## PROBLEM DESCRIPTION
Return all the data below as it stands, minus the pictures.

## EXERCISE DATA
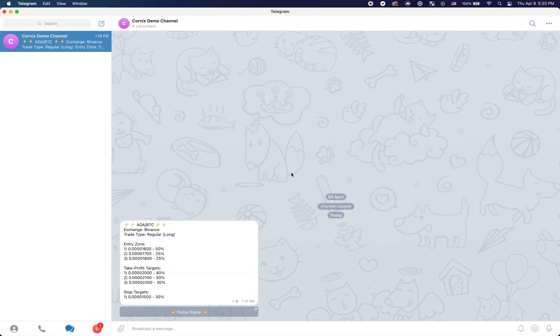Hello everyone and welcome to another Cornix tutorial. In this video, I will go over the registration process for the Cornix Telegram trading bot.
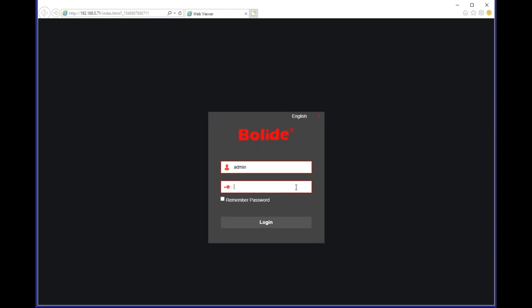I'm going to run my search tool. You guys can see that I found three devices. We're going to focus on the camera, which is one channel, and I can click that IP address — it's going to take me directly to the camera's web GUI.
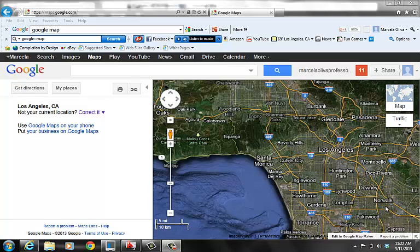Hello, my name is Professor Oliva. On this lesson, I'm going to show you how to scale a satellite image from Google Maps into AutoCAD.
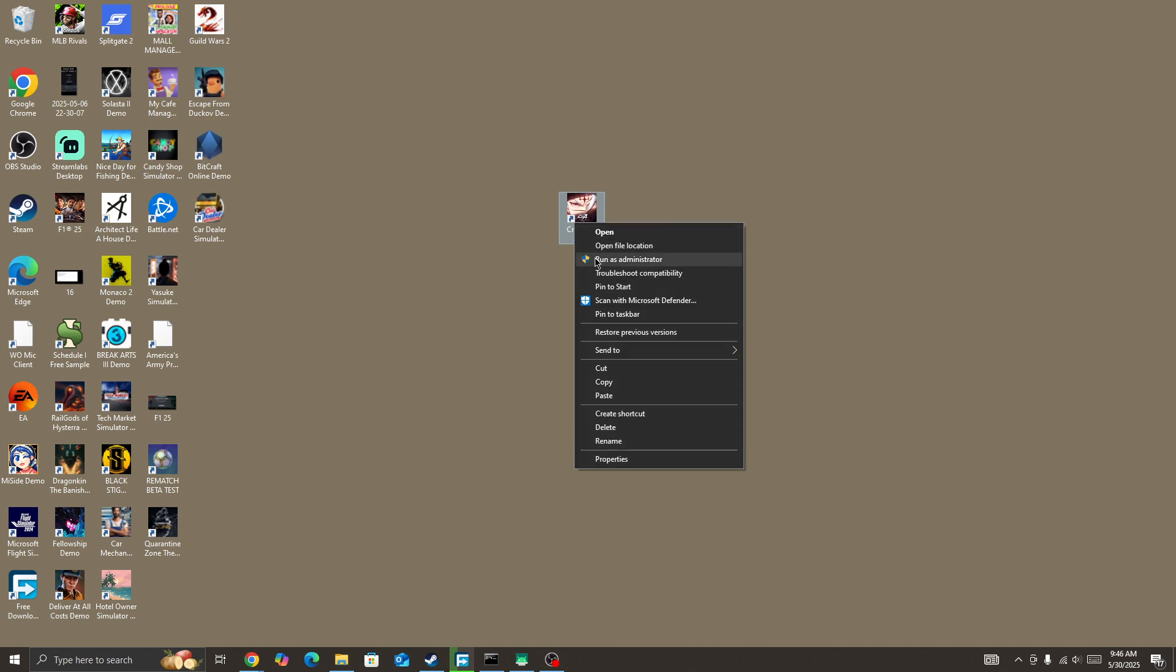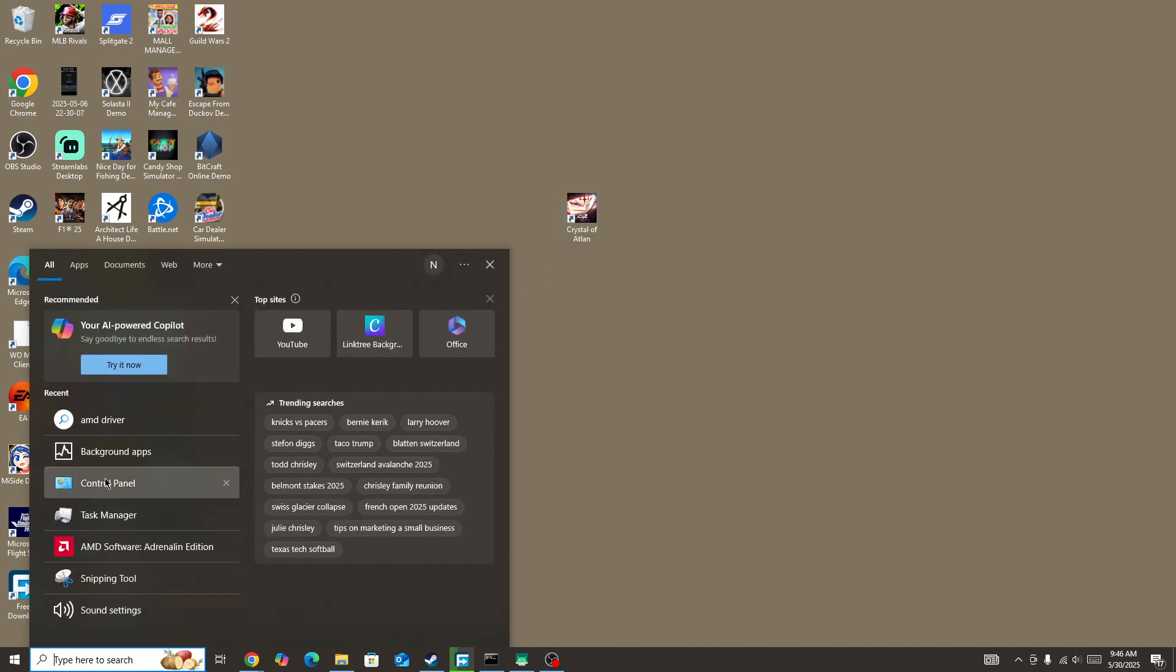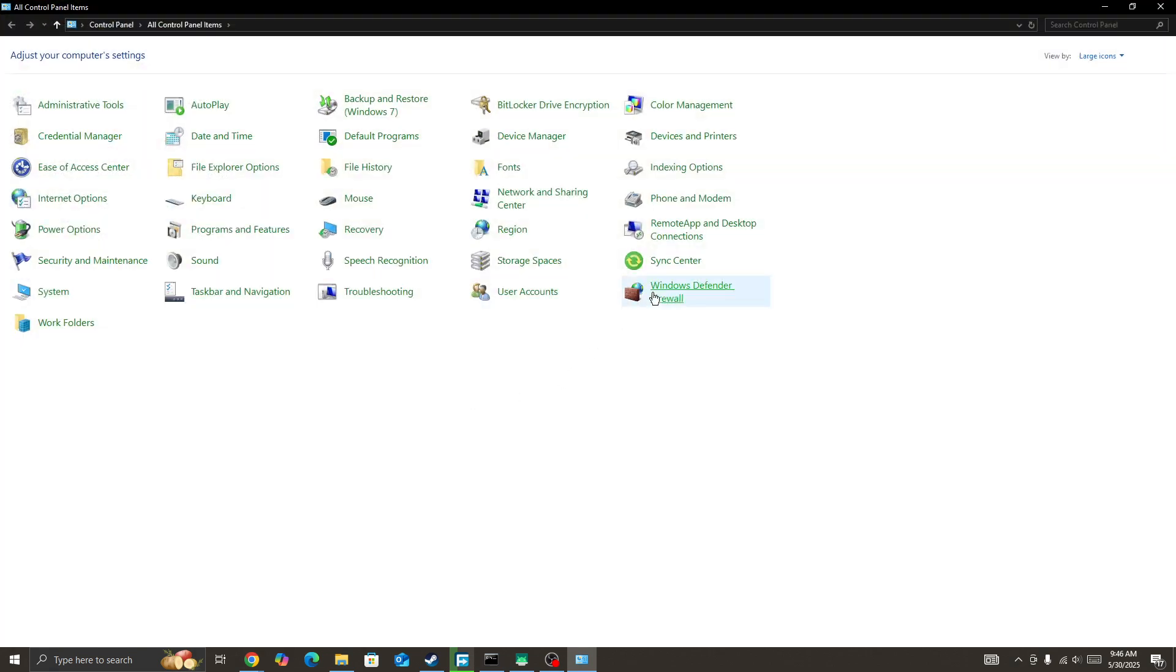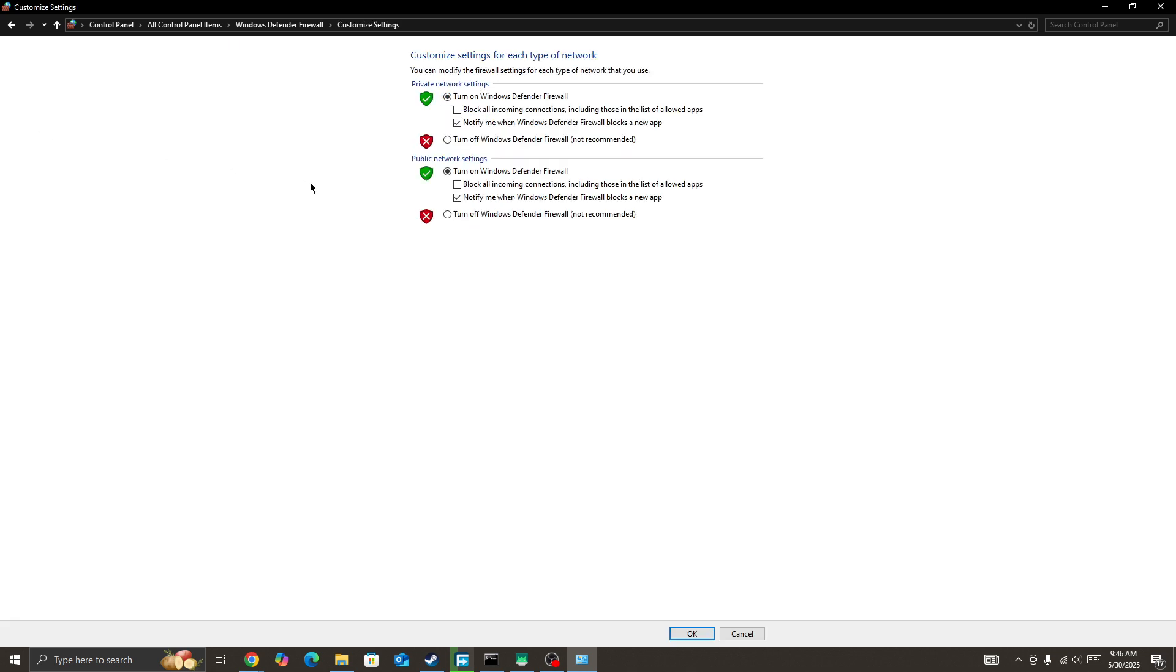Right-click on the game icon and run the game as administrator. Also, you need to go to the Control Panel and open Windows Defender Firewall. Here you need to select the option 'Turn Windows Defender Firewall on or off'. You need to turn off both options and then press the OK button at the bottom.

## TASK RESULT
Hello everyone and welcome to another Cornix tutorial. In this video, I will go over the registration process for the Cornix Telegram trading bot.
I'm going to run my search tool. You guys can see that I found three devices. We're going to focus on the camera, which is one channel, and I can click that IP address — it's going to take me directly to the camera's web GUI.
Hello, my name is Professor Oliva. On this lesson, I'm going to show you how to scale a satellite image from Google Maps into AutoCAD.
Right-click on the game icon and run the game as administrator. Also, you need to go to the Control Panel and open Windows Defender Firewall. Here you need to select the option 'Turn Windows Defender Firewall on or off'. You need to turn off both options and then press the OK button at the bottom.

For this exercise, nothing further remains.